DENVER — State Rep. Mark Waller announced Monday afternoon that he is ending his campaign for attorney general and asked his fellow Republicans to unify behind Cynthia Coffman, FOX31 Denver was first to report.
Honestly, Waller’s decision came about because Republicans already had unified behind Coffman, Colorado’s deputy attorney general, who won support from nearly 70 percent of the delegates at the GOP state assembly earlier this month.
After Waller barely made the primary ballot earning just over 30 percent at the assembly, the writing was on the wall.
“After much thought and prayer, Jennifer and I believe the best decision moving forward is to step aside and clear the way for Cynthia Coffman. I’ve enjoyed the opportunity to promote the need for a Constitutional conservative to serve as our next Attorney General,” said Waller in a statement emailed out Monday afternoon.
“I am now confident that Cynthia, as the last line of defense against an overreaching Federal government, is committed to promoting our conservative values and protecting our Western way of life.”
What role Colorado GOP Chairman Ryan Call played in urging Waller to bow out and help the party avoid another primary battle is a matter of ongoing speculation.
Call did issue a statement praising Waller Monday afternoon shortly after the announcement.

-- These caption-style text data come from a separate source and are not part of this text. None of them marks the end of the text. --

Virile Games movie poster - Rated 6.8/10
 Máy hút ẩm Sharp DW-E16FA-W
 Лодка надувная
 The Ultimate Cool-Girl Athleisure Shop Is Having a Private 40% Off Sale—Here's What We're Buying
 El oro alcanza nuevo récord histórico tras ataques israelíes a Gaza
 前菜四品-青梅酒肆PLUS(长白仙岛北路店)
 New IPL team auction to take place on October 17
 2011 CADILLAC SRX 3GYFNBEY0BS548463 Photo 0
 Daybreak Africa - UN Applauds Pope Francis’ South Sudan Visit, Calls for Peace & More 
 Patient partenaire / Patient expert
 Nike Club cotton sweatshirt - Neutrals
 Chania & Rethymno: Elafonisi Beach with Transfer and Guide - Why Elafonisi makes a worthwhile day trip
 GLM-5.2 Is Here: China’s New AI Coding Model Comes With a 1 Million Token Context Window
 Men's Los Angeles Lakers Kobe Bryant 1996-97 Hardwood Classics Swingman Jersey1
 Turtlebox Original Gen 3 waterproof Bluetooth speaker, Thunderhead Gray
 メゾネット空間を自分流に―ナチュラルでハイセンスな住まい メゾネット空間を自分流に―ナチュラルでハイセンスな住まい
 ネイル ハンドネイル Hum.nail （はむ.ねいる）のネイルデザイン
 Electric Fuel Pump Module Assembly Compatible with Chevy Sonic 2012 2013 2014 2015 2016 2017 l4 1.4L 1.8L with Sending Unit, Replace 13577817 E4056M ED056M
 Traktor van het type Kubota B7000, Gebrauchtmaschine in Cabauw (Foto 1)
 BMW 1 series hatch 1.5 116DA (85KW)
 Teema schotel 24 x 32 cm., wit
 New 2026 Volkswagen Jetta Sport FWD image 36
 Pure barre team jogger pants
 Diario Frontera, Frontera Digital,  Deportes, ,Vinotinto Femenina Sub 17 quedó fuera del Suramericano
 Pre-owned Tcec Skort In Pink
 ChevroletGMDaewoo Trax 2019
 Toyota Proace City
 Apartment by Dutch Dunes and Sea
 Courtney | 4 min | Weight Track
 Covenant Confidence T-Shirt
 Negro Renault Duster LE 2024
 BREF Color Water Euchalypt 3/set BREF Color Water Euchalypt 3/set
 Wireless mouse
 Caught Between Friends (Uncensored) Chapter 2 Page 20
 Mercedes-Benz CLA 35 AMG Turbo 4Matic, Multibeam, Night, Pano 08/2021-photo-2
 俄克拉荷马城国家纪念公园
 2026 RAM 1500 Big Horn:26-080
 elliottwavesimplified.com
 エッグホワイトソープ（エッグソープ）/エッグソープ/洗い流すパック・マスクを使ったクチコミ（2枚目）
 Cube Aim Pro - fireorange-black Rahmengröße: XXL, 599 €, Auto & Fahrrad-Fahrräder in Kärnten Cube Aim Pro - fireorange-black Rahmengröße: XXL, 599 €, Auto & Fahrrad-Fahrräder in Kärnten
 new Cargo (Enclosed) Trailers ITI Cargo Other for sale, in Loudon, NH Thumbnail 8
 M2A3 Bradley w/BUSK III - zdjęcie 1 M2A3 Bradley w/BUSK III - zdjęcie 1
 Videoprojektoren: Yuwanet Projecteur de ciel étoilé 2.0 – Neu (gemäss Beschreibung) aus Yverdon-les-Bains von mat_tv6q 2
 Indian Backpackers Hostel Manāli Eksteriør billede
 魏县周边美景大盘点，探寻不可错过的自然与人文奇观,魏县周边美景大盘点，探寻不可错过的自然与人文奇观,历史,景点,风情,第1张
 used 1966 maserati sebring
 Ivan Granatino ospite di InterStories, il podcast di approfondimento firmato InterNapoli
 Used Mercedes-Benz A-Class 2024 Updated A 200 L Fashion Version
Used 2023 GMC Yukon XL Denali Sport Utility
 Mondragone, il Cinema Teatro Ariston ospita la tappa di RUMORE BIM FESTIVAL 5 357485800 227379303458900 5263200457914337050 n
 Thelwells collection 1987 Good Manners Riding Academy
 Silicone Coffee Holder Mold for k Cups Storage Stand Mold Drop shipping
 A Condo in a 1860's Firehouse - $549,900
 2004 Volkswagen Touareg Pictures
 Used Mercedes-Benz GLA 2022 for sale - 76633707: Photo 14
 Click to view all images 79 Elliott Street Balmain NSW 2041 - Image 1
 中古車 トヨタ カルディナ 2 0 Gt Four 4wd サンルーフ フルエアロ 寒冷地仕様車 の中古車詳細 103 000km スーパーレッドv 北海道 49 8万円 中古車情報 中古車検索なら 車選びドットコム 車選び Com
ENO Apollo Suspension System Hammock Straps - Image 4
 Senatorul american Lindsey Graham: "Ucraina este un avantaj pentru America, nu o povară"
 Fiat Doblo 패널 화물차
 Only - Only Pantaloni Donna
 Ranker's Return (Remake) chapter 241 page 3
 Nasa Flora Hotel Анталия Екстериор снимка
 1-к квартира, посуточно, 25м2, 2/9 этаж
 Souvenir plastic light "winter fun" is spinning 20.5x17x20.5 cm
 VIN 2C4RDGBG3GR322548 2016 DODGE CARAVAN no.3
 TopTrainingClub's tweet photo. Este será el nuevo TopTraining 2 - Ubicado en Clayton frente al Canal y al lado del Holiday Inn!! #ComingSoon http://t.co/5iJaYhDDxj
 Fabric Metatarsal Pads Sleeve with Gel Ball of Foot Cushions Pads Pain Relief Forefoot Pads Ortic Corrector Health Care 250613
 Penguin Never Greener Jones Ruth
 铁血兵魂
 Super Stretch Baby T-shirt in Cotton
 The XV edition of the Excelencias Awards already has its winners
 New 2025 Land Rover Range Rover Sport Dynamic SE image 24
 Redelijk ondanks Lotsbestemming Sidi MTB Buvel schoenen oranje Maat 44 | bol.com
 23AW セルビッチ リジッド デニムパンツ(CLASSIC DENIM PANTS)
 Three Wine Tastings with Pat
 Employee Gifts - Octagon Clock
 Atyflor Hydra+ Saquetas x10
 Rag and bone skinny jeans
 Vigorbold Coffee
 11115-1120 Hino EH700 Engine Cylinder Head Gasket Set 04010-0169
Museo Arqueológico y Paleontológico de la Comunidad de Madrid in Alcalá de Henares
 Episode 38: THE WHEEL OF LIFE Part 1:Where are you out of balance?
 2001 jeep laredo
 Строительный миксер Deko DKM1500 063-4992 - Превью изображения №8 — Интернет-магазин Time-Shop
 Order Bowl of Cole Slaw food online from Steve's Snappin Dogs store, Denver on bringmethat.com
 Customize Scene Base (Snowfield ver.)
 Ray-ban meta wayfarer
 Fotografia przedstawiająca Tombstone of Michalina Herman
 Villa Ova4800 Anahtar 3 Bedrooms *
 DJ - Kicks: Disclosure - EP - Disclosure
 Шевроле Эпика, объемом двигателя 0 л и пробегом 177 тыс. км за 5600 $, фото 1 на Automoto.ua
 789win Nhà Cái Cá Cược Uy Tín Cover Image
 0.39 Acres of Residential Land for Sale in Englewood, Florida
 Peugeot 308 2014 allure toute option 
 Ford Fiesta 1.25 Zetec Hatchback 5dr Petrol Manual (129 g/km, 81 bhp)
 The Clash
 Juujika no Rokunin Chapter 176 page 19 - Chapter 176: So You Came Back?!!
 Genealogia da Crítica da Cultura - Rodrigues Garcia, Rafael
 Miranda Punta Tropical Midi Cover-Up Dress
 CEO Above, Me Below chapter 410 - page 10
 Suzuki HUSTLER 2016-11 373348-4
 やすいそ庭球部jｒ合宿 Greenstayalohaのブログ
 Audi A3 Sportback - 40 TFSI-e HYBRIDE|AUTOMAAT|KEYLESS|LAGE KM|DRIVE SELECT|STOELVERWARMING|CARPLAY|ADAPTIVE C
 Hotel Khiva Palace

I thank Mark for running a spirited and positive campaign, and for his work to unite our Party behind Cynthia Coffman,” Call said. “While Mark is not seeking elected office this year, I have no doubt that he will continue doing great things for our Party, our state and our nation.”
Coffman’s campaign also issued a statement later Monday afternoon.
“I received a very heartening message from Mark Waller earlier today that he is throwing his full support behind my candidacy for Attorney General,” Coffman said.
“It is not only a selfless act on behalf of the party, but for all of us who believe there’s no greater cause than protecting the lives, freedoms and constitutional rights of the people of Colorado. After nearly ten years fighting for this state on the front lines of justice, I’ve seen just how important these principles are in safeguarding our special way of life.”
Republicans, coming off a number of election cycles where its general election candidates were damaged by bruising primary fights, have managed to avoid primaries this year in every race but the gubernatorial contest, where four candidates will appear on the June primary ballot.
Congressman Cory Gardner’s late entrance into the U.S. Senate race managed to clear the field of nearly all of his potential primary rivals, the last of whom were knocked out when Gardner took over 30 percent support at the assembly.